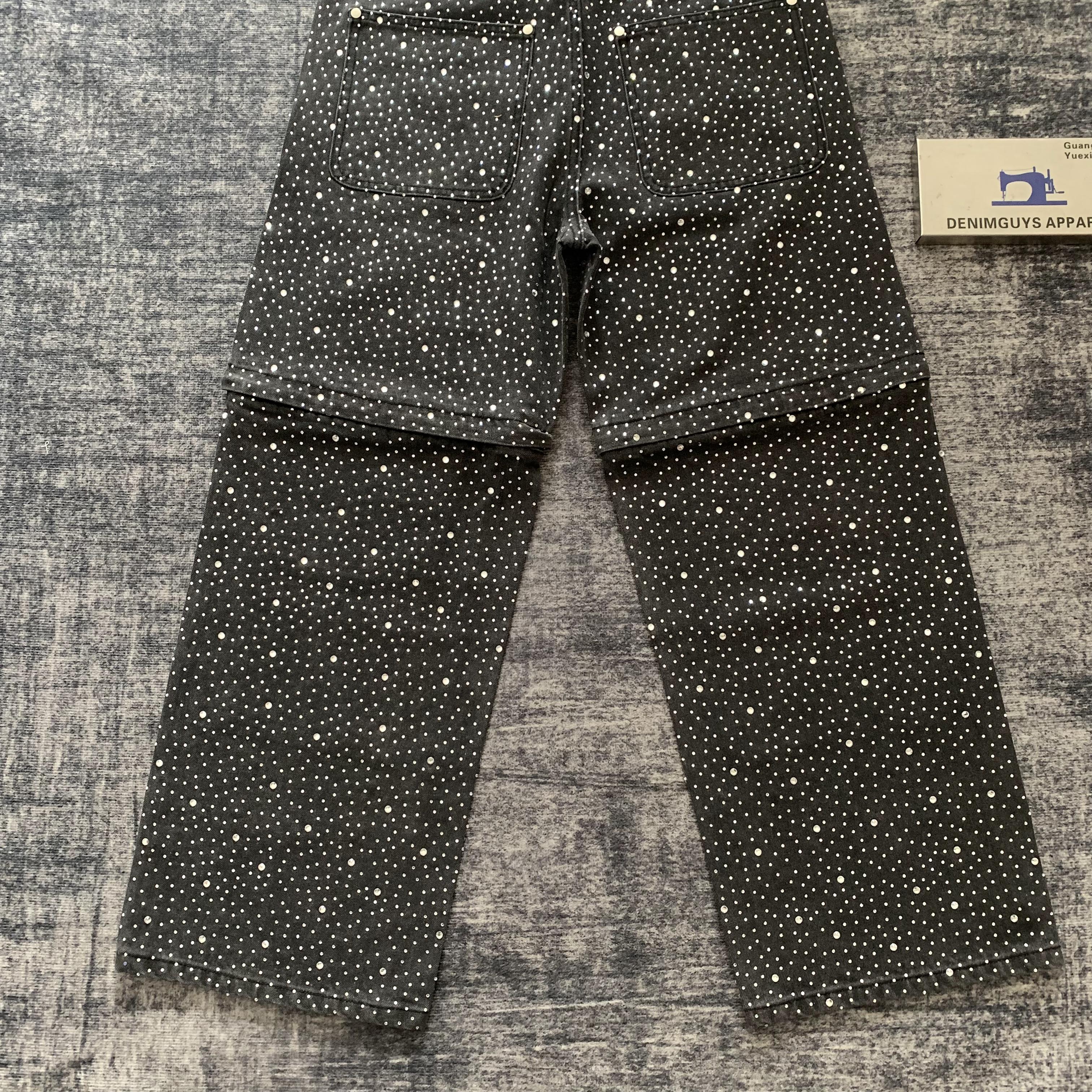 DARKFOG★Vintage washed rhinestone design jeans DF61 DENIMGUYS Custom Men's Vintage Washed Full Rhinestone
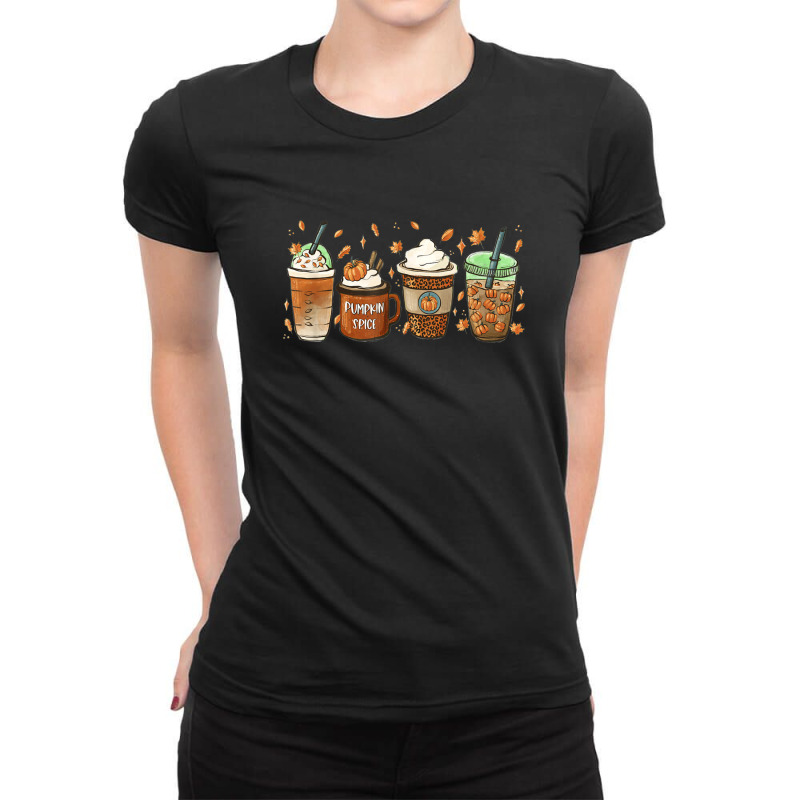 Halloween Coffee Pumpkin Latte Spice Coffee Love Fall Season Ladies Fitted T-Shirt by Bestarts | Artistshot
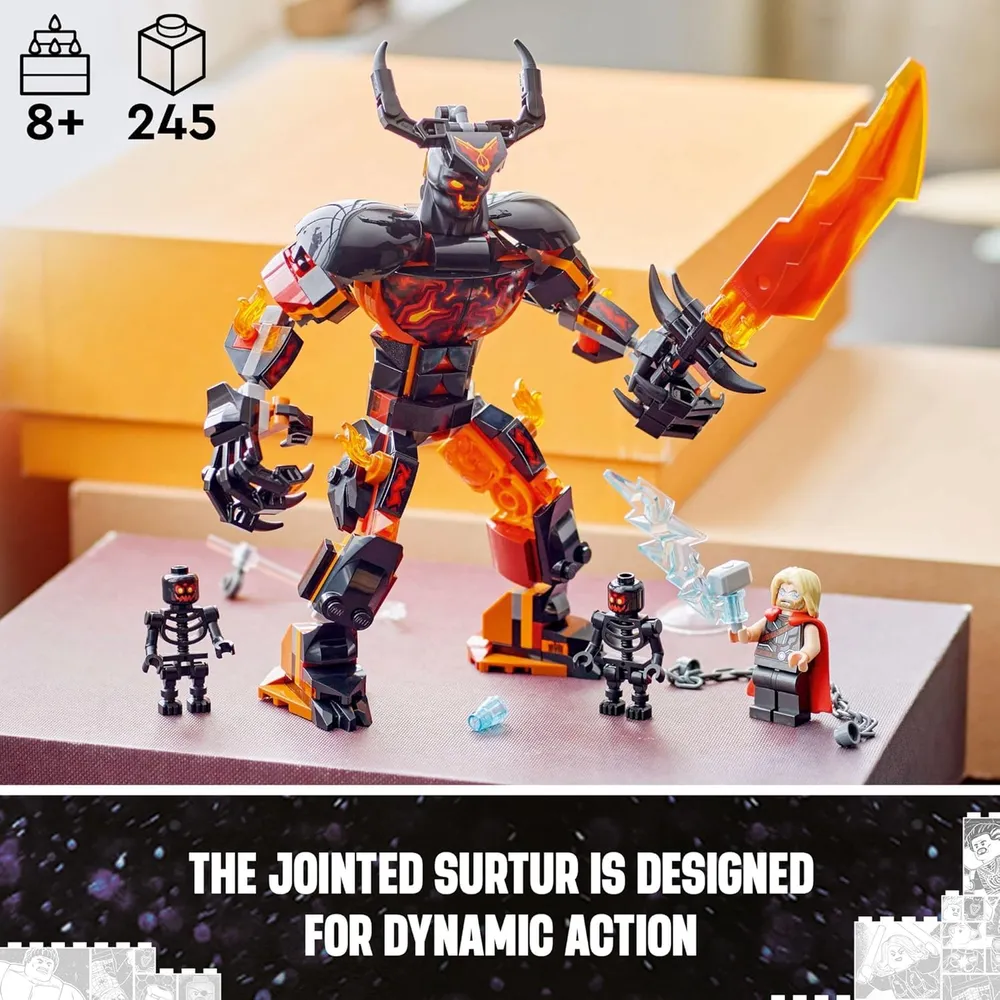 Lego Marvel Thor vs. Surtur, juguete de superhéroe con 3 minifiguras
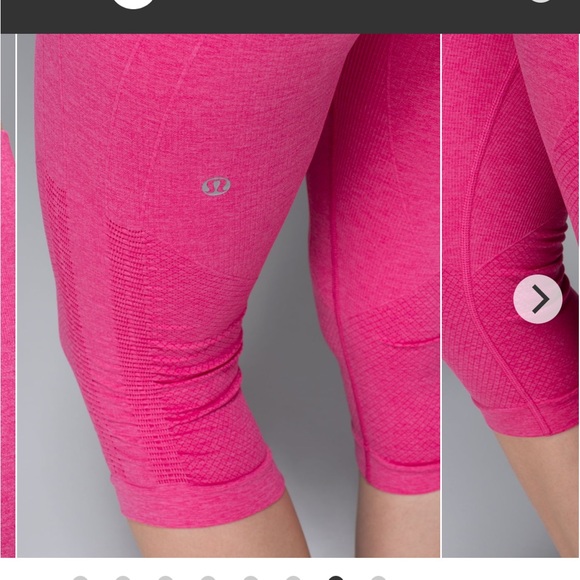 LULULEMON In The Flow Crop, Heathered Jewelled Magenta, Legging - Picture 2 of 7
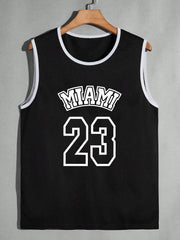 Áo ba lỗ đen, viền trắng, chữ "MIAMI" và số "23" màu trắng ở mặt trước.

**********

# Work order:
Write out every entry again word for word, without any of the pictures.

# Output for this exercise:
 DARKFOG★Vintage washed rhinestone design jeans DF61 DENIMGUYS Custom Men's Vintage Washed Full Rhinestone
 Halloween Coffee Pumpkin Latte Spice Coffee Love Fall Season Ladies Fitted T-Shirt by Bestarts | Artistshot
 Lego Marvel Thor vs. Surtur, juguete de superhéroe con 3 minifiguras
 LULULEMON In The Flow Crop, Heathered Jewelled Magenta, Legging - Picture 2 of 7
 Áo ba lỗ đen, viền trắng, chữ "MIAMI" và số "23" màu trắng ở mặt trước.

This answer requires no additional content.